- Supplied material
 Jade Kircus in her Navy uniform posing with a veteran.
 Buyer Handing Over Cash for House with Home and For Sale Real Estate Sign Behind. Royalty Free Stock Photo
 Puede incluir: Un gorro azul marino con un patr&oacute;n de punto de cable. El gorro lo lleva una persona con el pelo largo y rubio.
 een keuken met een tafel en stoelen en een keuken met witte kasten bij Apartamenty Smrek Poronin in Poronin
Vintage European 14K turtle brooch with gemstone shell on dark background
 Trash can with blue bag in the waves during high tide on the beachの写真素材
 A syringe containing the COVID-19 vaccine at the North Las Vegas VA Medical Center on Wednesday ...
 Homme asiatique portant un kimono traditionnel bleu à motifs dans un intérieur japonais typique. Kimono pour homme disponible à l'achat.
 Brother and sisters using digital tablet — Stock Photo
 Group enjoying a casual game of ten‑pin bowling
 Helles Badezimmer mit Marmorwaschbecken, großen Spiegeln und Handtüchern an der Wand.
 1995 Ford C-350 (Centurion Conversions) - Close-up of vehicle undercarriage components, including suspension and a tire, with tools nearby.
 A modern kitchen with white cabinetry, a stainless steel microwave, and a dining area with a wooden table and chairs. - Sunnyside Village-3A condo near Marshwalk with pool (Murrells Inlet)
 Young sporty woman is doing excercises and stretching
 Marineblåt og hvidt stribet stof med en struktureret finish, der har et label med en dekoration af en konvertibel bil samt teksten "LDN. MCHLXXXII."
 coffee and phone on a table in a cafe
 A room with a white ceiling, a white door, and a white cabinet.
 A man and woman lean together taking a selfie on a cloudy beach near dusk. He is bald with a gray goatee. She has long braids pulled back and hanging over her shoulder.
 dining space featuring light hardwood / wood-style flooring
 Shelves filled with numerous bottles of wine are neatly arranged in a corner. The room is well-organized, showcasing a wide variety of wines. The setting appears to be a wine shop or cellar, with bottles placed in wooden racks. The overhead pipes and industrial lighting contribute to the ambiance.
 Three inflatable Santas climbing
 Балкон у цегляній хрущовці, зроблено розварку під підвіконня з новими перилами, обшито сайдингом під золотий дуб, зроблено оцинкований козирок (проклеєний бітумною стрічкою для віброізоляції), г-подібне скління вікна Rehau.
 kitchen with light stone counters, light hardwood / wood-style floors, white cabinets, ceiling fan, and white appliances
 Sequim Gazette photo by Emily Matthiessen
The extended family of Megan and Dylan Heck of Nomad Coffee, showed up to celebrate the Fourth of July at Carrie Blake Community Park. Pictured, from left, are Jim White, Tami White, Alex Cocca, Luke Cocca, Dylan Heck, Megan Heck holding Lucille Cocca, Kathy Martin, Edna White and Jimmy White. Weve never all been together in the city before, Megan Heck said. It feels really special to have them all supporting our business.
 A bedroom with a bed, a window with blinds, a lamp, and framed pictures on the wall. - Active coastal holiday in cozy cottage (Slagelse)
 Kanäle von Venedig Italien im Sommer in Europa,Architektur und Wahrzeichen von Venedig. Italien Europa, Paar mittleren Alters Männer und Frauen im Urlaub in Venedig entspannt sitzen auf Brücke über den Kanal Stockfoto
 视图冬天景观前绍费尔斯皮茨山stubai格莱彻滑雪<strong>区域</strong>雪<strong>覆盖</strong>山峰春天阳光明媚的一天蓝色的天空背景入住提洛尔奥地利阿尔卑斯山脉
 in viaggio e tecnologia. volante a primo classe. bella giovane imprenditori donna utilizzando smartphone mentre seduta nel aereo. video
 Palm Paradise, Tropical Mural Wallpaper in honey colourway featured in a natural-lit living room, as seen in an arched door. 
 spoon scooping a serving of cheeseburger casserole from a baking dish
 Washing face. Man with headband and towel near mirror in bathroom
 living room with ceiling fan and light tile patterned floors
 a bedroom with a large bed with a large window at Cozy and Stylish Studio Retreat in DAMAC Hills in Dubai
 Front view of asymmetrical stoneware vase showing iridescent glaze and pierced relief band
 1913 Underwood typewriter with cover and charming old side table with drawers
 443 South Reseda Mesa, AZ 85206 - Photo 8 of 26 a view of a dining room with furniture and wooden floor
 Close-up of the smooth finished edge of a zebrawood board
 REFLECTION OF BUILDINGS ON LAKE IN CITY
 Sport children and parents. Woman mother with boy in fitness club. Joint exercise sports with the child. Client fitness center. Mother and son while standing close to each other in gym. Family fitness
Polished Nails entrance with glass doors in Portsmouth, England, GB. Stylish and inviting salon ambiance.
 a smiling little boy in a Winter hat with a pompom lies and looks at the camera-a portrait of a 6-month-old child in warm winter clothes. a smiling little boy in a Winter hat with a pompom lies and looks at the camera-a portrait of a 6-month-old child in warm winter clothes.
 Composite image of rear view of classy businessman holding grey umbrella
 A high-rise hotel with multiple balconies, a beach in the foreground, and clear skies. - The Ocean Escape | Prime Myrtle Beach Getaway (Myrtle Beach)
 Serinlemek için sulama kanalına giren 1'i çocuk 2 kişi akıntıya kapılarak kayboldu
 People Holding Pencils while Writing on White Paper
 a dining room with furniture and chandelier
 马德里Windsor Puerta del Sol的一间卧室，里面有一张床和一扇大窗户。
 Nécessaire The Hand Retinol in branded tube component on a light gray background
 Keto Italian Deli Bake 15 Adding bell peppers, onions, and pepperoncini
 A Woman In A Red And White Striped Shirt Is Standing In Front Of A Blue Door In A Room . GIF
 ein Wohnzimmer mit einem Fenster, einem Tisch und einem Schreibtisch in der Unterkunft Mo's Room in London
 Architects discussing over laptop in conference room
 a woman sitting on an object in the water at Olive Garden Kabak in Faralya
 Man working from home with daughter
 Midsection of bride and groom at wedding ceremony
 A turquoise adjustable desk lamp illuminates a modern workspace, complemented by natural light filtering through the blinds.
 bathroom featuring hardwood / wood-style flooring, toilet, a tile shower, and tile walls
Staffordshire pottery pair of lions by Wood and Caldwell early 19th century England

- What this task involves
Give the data again, unchanged in every line.

- Response to the task
 Jade Kircus in her Navy uniform posing with a veteran.
 Buyer Handing Over Cash for House with Home and For Sale Real Estate Sign Behind. Royalty Free Stock Photo
 Puede incluir: Un gorro azul marino con un patr&oacute;n de punto de cable. El gorro lo lleva una persona con el pelo largo y rubio.
 een keuken met een tafel en stoelen en een keuken met witte kasten bij Apartamenty Smrek Poronin in Poronin
Vintage European 14K turtle brooch with gemstone shell on dark background
 Trash can with blue bag in the waves during high tide on the beachの写真素材
 A syringe containing the COVID-19 vaccine at the North Las Vegas VA Medical Center on Wednesday ...
 Homme asiatique portant un kimono traditionnel bleu à motifs dans un intérieur japonais typique. Kimono pour homme disponible à l'achat.
 Brother and sisters using digital tablet — Stock Photo
 Group enjoying a casual game of ten‑pin bowling
 Helles Badezimmer mit Marmorwaschbecken, großen Spiegeln und Handtüchern an der Wand.
 1995 Ford C-350 (Centurion Conversions) - Close-up of vehicle undercarriage components, including suspension and a tire, with tools nearby.
 A modern kitchen with white cabinetry, a stainless steel microwave, and a dining area with a wooden table and chairs. - Sunnyside Village-3A condo near Marshwalk with pool (Murrells Inlet)
 Young sporty woman is doing excercises and stretching
 Marineblåt og hvidt stribet stof med en struktureret finish, der har et label med en dekoration af en konvertibel bil samt teksten "LDN. MCHLXXXII."
 coffee and phone on a table in a cafe
 A room with a white ceiling, a white door, and a white cabinet.
 A man and woman lean together taking a selfie on a cloudy beach near dusk. He is bald with a gray goatee. She has long braids pulled back and hanging over her shoulder.
 dining space featuring light hardwood / wood-style flooring
 Shelves filled with numerous bottles of wine are neatly arranged in a corner. The room is well-organized, showcasing a wide variety of wines. The setting appears to be a wine shop or cellar, with bottles placed in wooden racks. The overhead pipes and industrial lighting contribute to the ambiance.
 Three inflatable Santas climbing
 Балкон у цегляній хрущовці, зроблено розварку під підвіконня з новими перилами, обшито сайдингом під золотий дуб, зроблено оцинкований козирок (проклеєний бітумною стрічкою для віброізоляції), г-подібне скління вікна Rehau.
 kitchen with light stone counters, light hardwood / wood-style floors, white cabinets, ceiling fan, and white appliances
 Sequim Gazette photo by Emily Matthiessen
The extended family of Megan and Dylan Heck of Nomad Coffee, showed up to celebrate the Fourth of July at Carrie Blake Community Park. Pictured, from left, are Jim White, Tami White, Alex Cocca, Luke Cocca, Dylan Heck, Megan Heck holding Lucille Cocca, Kathy Martin, Edna White and Jimmy White. Weve never all been together in the city before, Megan Heck said. It feels really special to have them all supporting our business.
 A bedroom with a bed, a window with blinds, a lamp, and framed pictures on the wall. - Active coastal holiday in cozy cottage (Slagelse)
 Kanäle von Venedig Italien im Sommer in Europa,Architektur und Wahrzeichen von Venedig. Italien Europa, Paar mittleren Alters Männer und Frauen im Urlaub in Venedig entspannt sitzen auf Brücke über den Kanal Stockfoto
 视图冬天景观前绍费尔斯皮茨山stubai格莱彻滑雪<strong>区域</strong>雪<strong>覆盖</strong>山峰春天阳光明媚的一天蓝色的天空背景入住提洛尔奥地利阿尔卑斯山脉
 in viaggio e tecnologia. volante a primo classe. bella giovane imprenditori donna utilizzando smartphone mentre seduta nel aereo. video
 Palm Paradise, Tropical Mural Wallpaper in honey colourway featured in a natural-lit living room, as seen in an arched door. 
 spoon scooping a serving of cheeseburger casserole from a baking dish
 Washing face. Man with headband and towel near mirror in bathroom
 living room with ceiling fan and light tile patterned floors
 a bedroom with a large bed with a large window at Cozy and Stylish Studio Retreat in DAMAC Hills in Dubai
 Front view of asymmetrical stoneware vase showing iridescent glaze and pierced relief band
 1913 Underwood typewriter with cover and charming old side table with drawers
 443 South Reseda Mesa, AZ 85206 - Photo 8 of 26 a view of a dining room with furniture and wooden floor
 Close-up of the smooth finished edge of a zebrawood board
 REFLECTION OF BUILDINGS ON LAKE IN CITY
 Sport children and parents. Woman mother with boy in fitness club. Joint exercise sports with the child. Client fitness center. Mother and son while standing close to each other in gym. Family fitness
Polished Nails entrance with glass doors in Portsmouth, England, GB. Stylish and inviting salon ambiance.
 a smiling little boy in a Winter hat with a pompom lies and looks at the camera-a portrait of a 6-month-old child in warm winter clothes. a smiling little boy in a Winter hat with a pompom lies and looks at the camera-a portrait of a 6-month-old child in warm winter clothes.
 Composite image of rear view of classy businessman holding grey umbrella
 A high-rise hotel with multiple balconies, a beach in the foreground, and clear skies. - The Ocean Escape | Prime Myrtle Beach Getaway (Myrtle Beach)
 Serinlemek için sulama kanalına giren 1'i çocuk 2 kişi akıntıya kapılarak kayboldu
 People Holding Pencils while Writing on White Paper
 a dining room with furniture and chandelier
 马德里Windsor Puerta del Sol的一间卧室，里面有一张床和一扇大窗户。
 Nécessaire The Hand Retinol in branded tube component on a light gray background
 Keto Italian Deli Bake 15 Adding bell peppers, onions, and pepperoncini
 A Woman In A Red And White Striped Shirt Is Standing In Front Of A Blue Door In A Room . GIF
 ein Wohnzimmer mit einem Fenster, einem Tisch und einem Schreibtisch in der Unterkunft Mo's Room in London
 Architects discussing over laptop in conference room
 a woman sitting on an object in the water at Olive Garden Kabak in Faralya
 Man working from home with daughter
 Midsection of bride and groom at wedding ceremony
 A turquoise adjustable desk lamp illuminates a modern workspace, complemented by natural light filtering through the blinds.
 bathroom featuring hardwood / wood-style flooring, toilet, a tile shower, and tile walls
Staffordshire pottery pair of lions by Wood and Caldwell early 19th century England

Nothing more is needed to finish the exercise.